I realized early in my consulting career I’m not good with startups, business plans, or raising money. So, I don’t do it. In my buy-sell world I don’t work with clients looking for deals on micro-businesses, such as dry cleaners, delis, C-stores, etc. I also don’t work on middle-market deals as the investment bankers have much better resources than I do for them (and they are great referral sources for deals too small for them).
I wish someone had told this to a Bellevue law firm where it appears they have absolutely no experience with buy-sell deals but yet are advising clients on a deal (I use the words “it appears” to be nice, this firm is incompetent when it comes to buy-sell, I think most of their contract language was copied from a text book).
At the same time I’m doing some pro bono work, helping a friend who wants to buy a sports pub. While it doesn’t appear the business is “on the market,” there is a commercial real estate agent (supposedly) helping the owners with the sale. It’s obvious this is not his field, as he has NO idea what the heck he’s doing.
The only thing he’s done so far is send over a handwritten note stating what the sellers “best and final offer” is. Oh, he also forwarded one year’s financial information, when asked for it, after stating the price. When asked about the financials he told me, “I didn’t look at them, I just put them in an envelope and gave them to you.”
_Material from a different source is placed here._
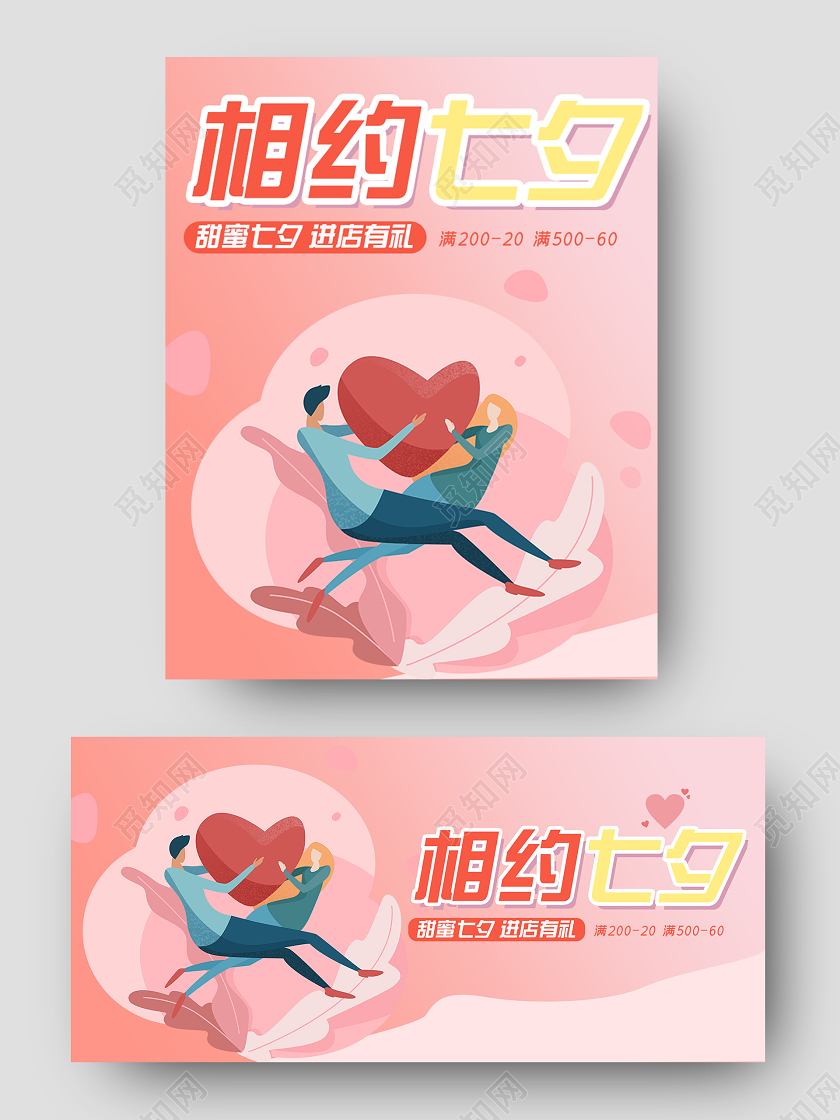 粉红卡通插画情人节促销七夕优惠海报banner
Did he think all he had to do was send over the price and some financials and get a deal, i.e. just walk us through “the property”? BTW, I don’t mean to insult competent commercial real estate agents by implying all they do is show a property and get a deal. They do a lot more.
There’s a lesson here, isn’t there? Do what you’re not qualified for and you will:
  • Get in trouble with your client.
  • Build a bad reputation.
  • Risk a lawsuit.
So why do we all keep running into people who take on things they shouldn’t touch with the proverbial 10-foot pole?
The answer is simple; it’s the lure of the lira, the glitter and the glory of the guinea, the romance of the ruble, the feel of the franc… (credit to Monty Python and their Money Programme skit).
Translation, to some people any client/customer is a good client/customer. Well, no, absolutely not. The only thing worse than no customer is a bad customer (a paraphrase of my buy-sell line, the only thing worse than no deal is a bad deal).
No matter what your business, keep this in mind. Realize you have to screen customers as much or more as they screen you. In the long run it’s worth it.